→ **Task objective**
Go through the material below and copy all lines with "Apartment".

→ **Data for analysis**
——

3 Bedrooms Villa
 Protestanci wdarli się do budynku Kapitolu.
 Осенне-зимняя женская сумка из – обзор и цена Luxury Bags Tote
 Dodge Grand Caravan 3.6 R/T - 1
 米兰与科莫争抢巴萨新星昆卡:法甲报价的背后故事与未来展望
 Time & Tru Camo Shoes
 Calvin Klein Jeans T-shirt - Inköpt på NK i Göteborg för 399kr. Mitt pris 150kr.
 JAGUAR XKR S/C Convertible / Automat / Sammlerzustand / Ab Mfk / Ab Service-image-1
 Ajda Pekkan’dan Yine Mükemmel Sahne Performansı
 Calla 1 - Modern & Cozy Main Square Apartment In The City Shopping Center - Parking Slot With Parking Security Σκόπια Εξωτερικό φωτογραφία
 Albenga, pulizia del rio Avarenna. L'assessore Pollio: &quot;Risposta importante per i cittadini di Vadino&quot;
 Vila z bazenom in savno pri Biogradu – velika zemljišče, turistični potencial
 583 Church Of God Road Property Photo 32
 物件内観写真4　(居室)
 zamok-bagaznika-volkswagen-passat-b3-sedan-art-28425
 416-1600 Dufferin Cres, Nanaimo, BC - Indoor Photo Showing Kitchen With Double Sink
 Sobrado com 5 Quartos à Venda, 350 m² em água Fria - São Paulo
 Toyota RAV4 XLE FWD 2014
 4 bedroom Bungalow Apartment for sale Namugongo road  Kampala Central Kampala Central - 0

——

→ **Written reply**
 Calla 1 - Modern & Cozy Main Square Apartment In The City Shopping Center - Parking Slot With Parking Security Σκόπια Εξωτερικό φωτογραφία
 4 bedroom Bungalow Apartment for sale Namugongo road  Kampala Central Kampala Central - 0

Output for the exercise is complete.